### PROBLEM TO SOLVE
When you reach the line with "Carrefour bio infusion", transcribe it and each line after it through the last one below, exactly. Pictures stay out.

[Brief descriptive captions]
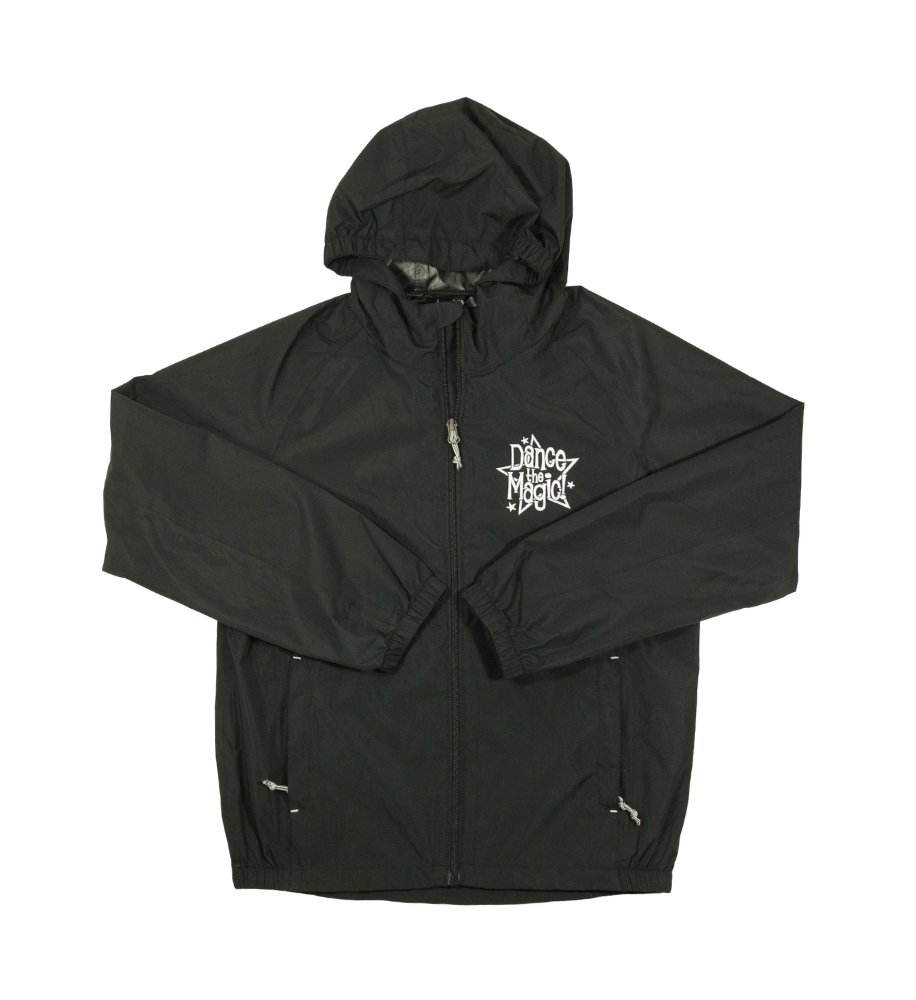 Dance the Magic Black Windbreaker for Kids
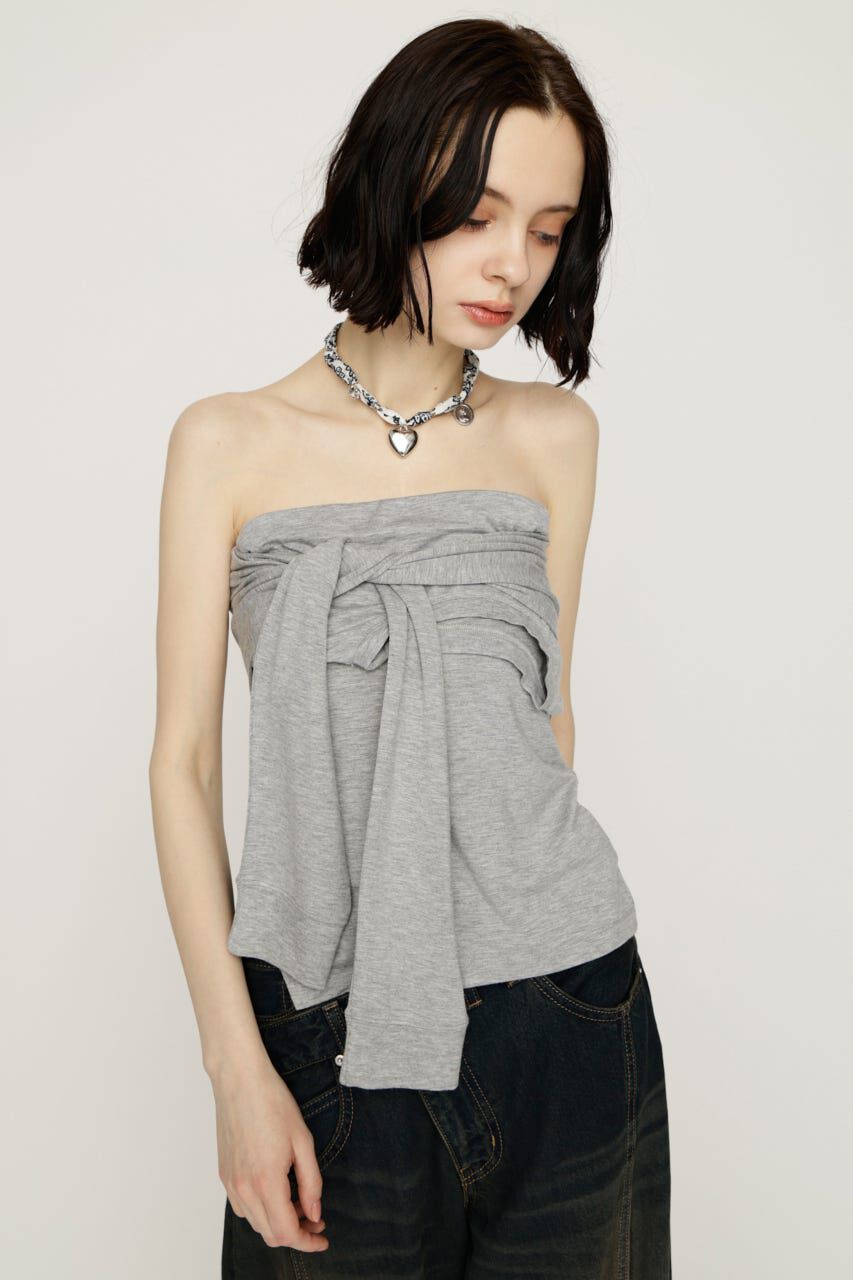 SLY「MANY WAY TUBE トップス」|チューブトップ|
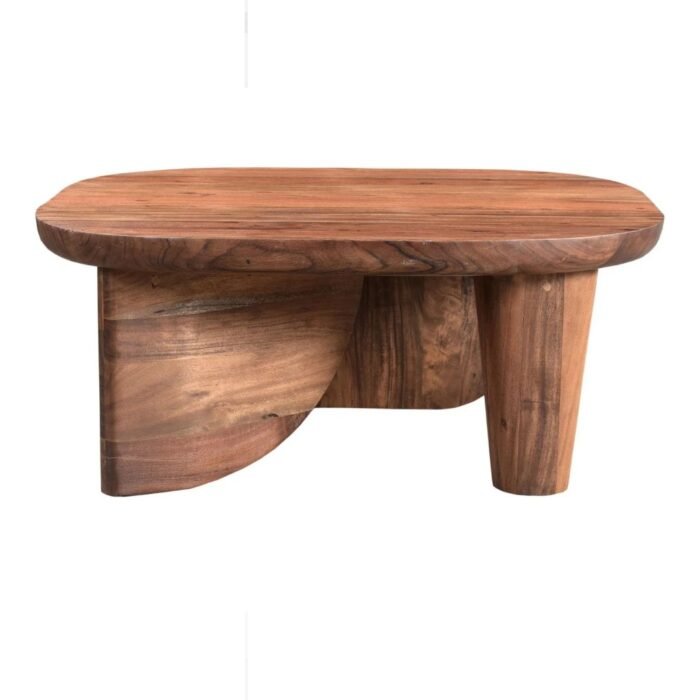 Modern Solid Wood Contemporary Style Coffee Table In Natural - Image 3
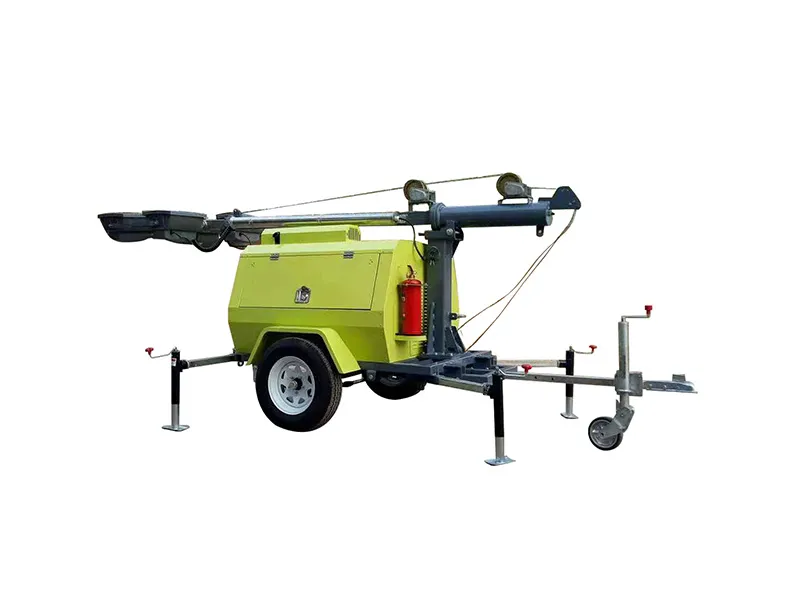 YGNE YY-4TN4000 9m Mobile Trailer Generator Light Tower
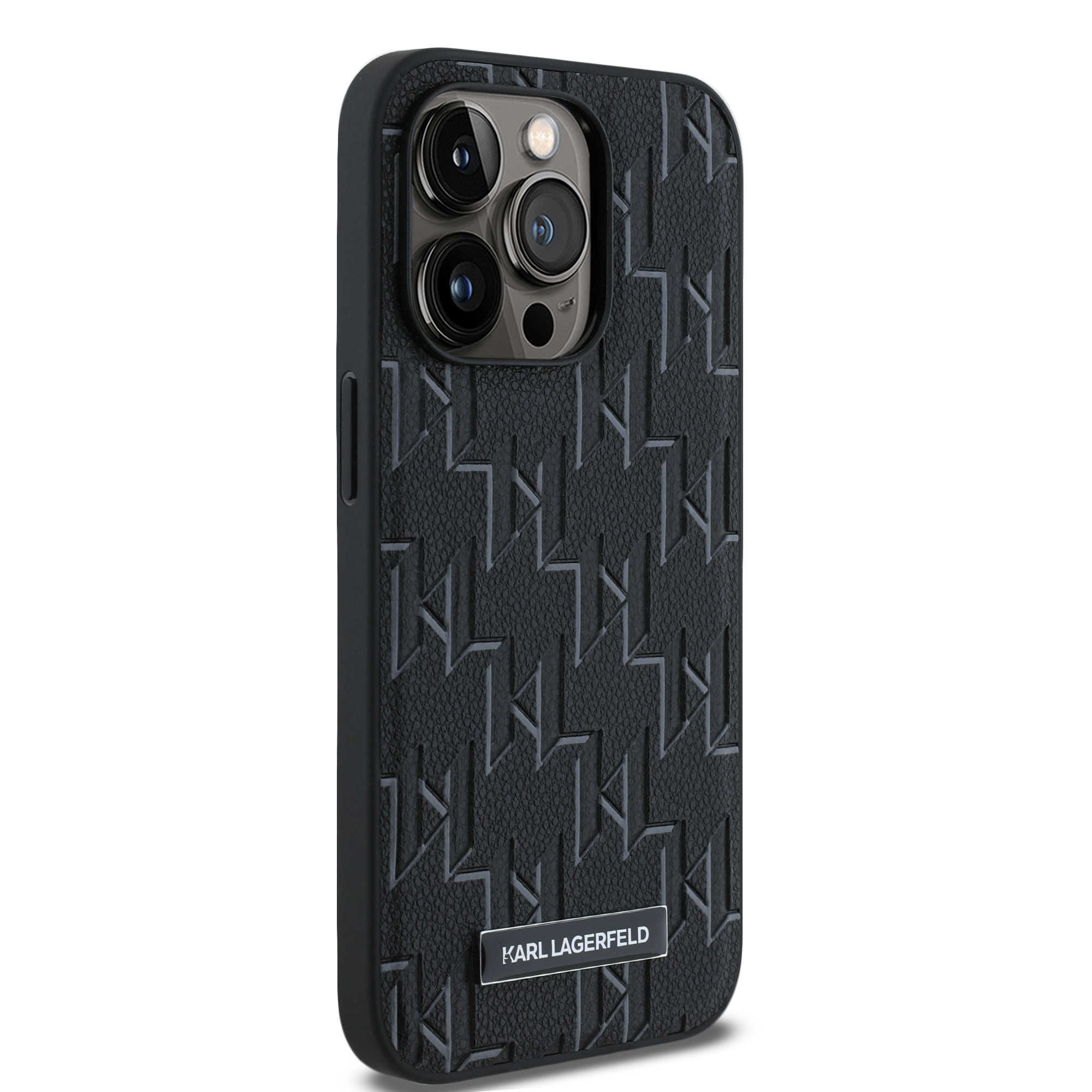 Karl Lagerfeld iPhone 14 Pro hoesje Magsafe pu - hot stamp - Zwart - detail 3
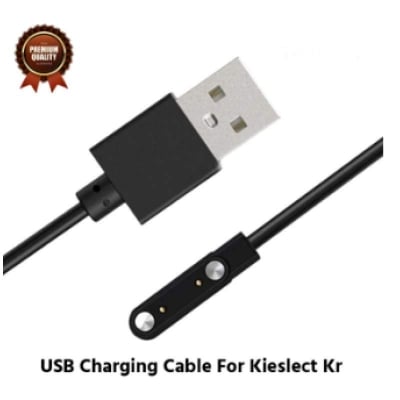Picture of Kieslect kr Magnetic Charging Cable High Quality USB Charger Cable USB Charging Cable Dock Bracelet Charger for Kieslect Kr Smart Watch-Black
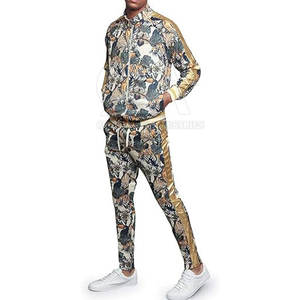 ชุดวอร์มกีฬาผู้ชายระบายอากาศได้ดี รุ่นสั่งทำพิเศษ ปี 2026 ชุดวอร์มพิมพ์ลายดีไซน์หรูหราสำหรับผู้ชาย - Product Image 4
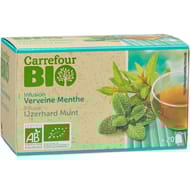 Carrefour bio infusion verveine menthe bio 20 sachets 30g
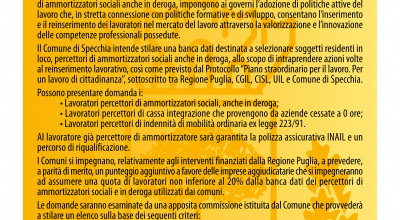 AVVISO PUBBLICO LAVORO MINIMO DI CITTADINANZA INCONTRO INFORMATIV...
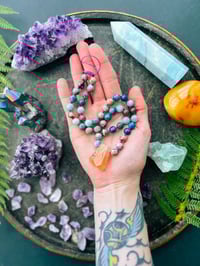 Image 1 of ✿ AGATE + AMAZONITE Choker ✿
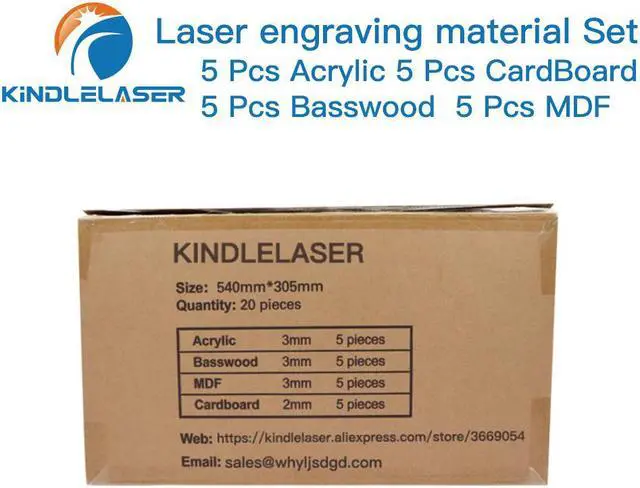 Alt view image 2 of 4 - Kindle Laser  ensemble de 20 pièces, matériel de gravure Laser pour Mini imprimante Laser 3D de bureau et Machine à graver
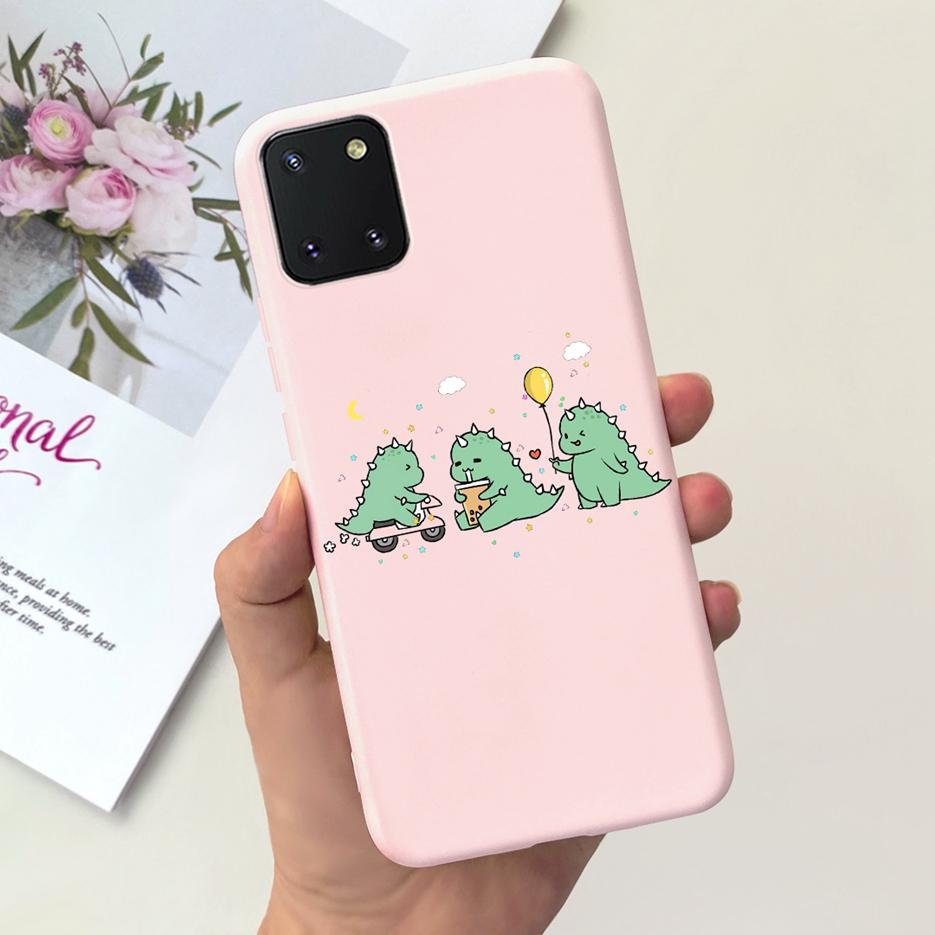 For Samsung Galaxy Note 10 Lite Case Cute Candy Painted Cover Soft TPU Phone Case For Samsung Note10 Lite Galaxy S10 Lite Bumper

### COMPLETED TASK
 Carrefour bio infusion verveine menthe bio 20 sachets 30g
 AVVISO PUBBLICO LAVORO MINIMO DI CITTADINANZA INCONTRO INFORMATIV...
 Image 1 of ✿ AGATE + AMAZONITE Choker ✿
 Alt view image 2 of 4 - Kindle Laser  ensemble de 20 pièces, matériel de gravure Laser pour Mini imprimante Laser 3D de bureau et Machine à graver
 For Samsung Galaxy Note 10 Lite Case Cute Candy Painted Cover Soft TPU Phone Case For Samsung Note10 Lite Galaxy S10 Lite Bumper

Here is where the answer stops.